Starting tomorrow and continuing throughout the week we are posting compelling pieces that ran in 2011. These stories are rich with details about some of the most important issues dealing with youth today, from homelessness, to drug abuse, to sexuality, to juvenile crime.

They are a sampling of our best work; which means they are not only well written, they get to the heart of what we do here at the Juvenile Justice Information Exchange. They, in short, are stories of young people and the challenges, heartbreaks and joys they face every day.

We strive to bring you good journalism on meaningful topics. We’ve done that in the past and we’ll keep pushing it in the future.  And that begins next week, when you’ll read some frank and honest New Year’s resolutions from a group of teens in drug court. We all hope their resolutions are obvious.  But nothing in the lives of our young people is obvious.

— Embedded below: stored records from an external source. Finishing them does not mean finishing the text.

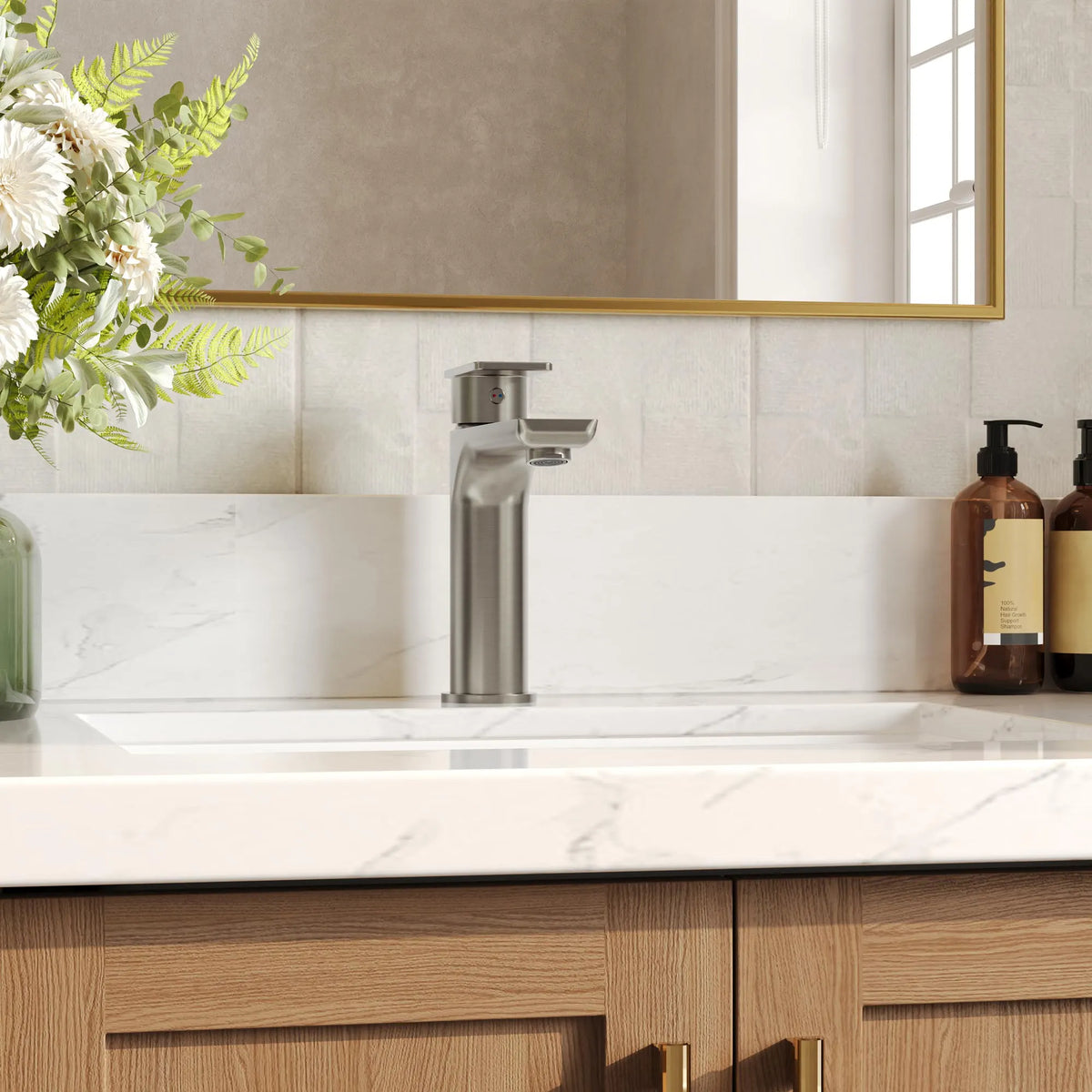 Single-Handle Bathroom Sink Faucet With Pop-Up Drain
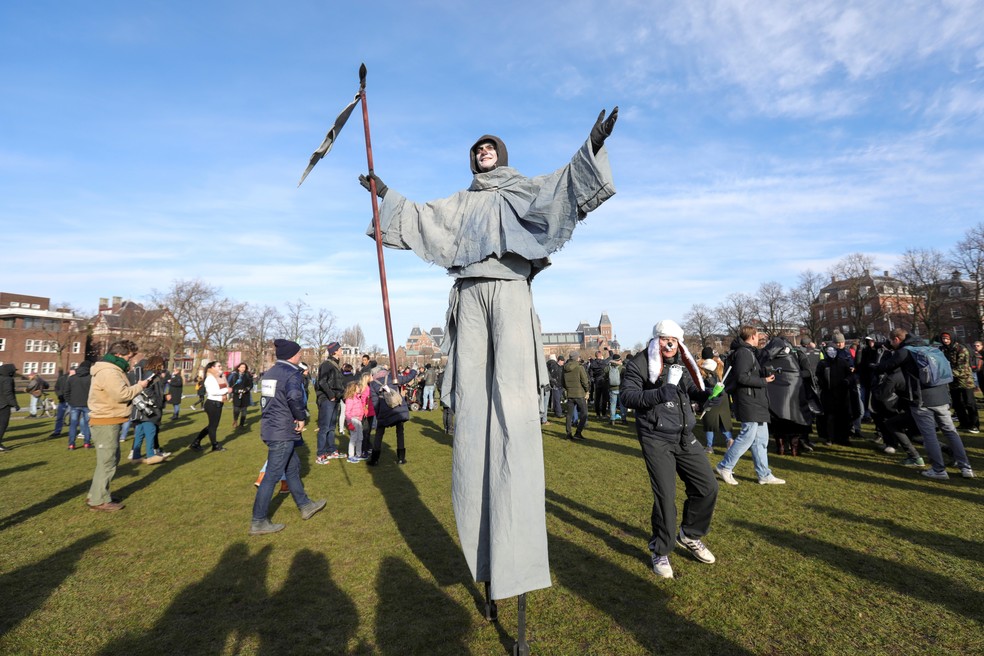 Cerca de 600 pessoas participaram do protesto, que foi dispersado pela polícia local — Foto: REUTERS/Stringer 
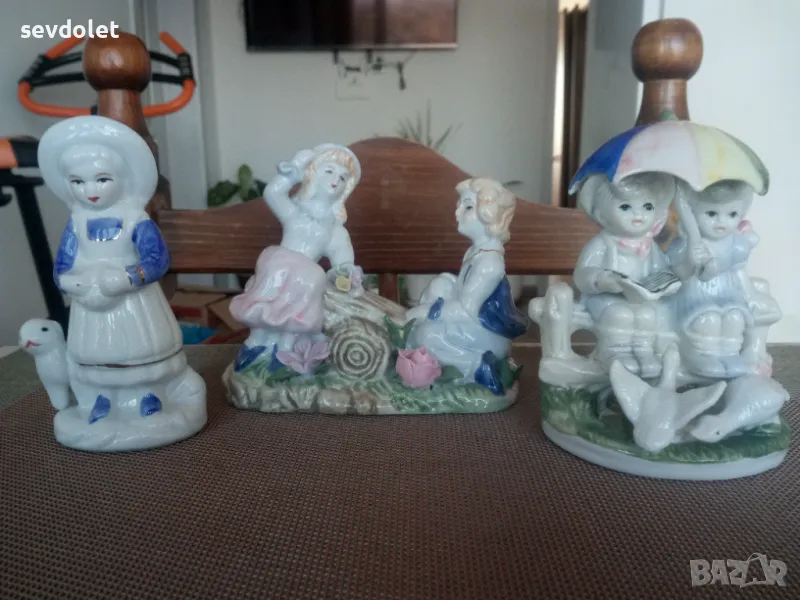 Стилни порцеланови статуетки.Цената е за всички., снимка 1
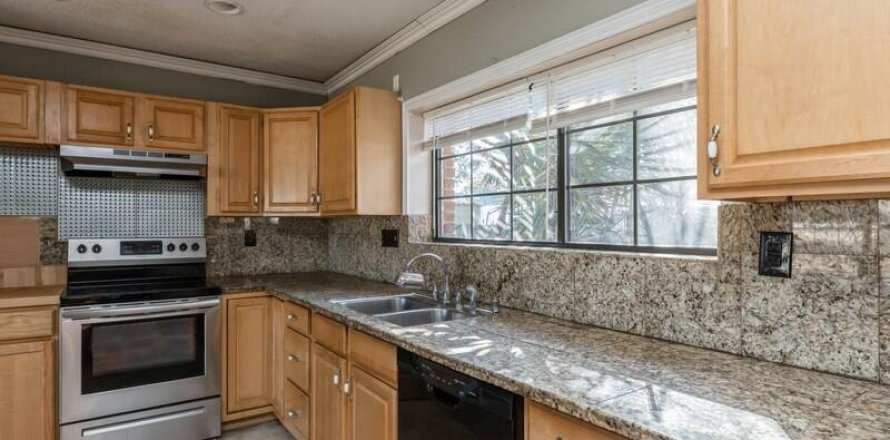 Villa ou maison à Crestview, Floride 3 chambres, 141.68 m2 № 589799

So it is a mistake to think that an accurate portrayal of juveniles or the juvenile justice system across the country can be accomplished by shallow stories that take a glimpse of an incident here or a problem there. The true picture of youth in our nation today will only come with a deeper engagement with them and, the people in their lives and the organizations and entities that define and better their being.

In the coming year, then, we’ll bring you data-driven stories on the effectiveness of certain detention policies, analysis of the school-to-prison-pipeline, a comprehensive look at one state’s juvenile court system, why some groups of kids are more prone to commit certain crimes as well as dozens of feature and news stories.

We can’t cover every story of every young person in this nation. But we’ll do our best to give you the most complete picture of juvenile justice as we can.

Happy Holidays.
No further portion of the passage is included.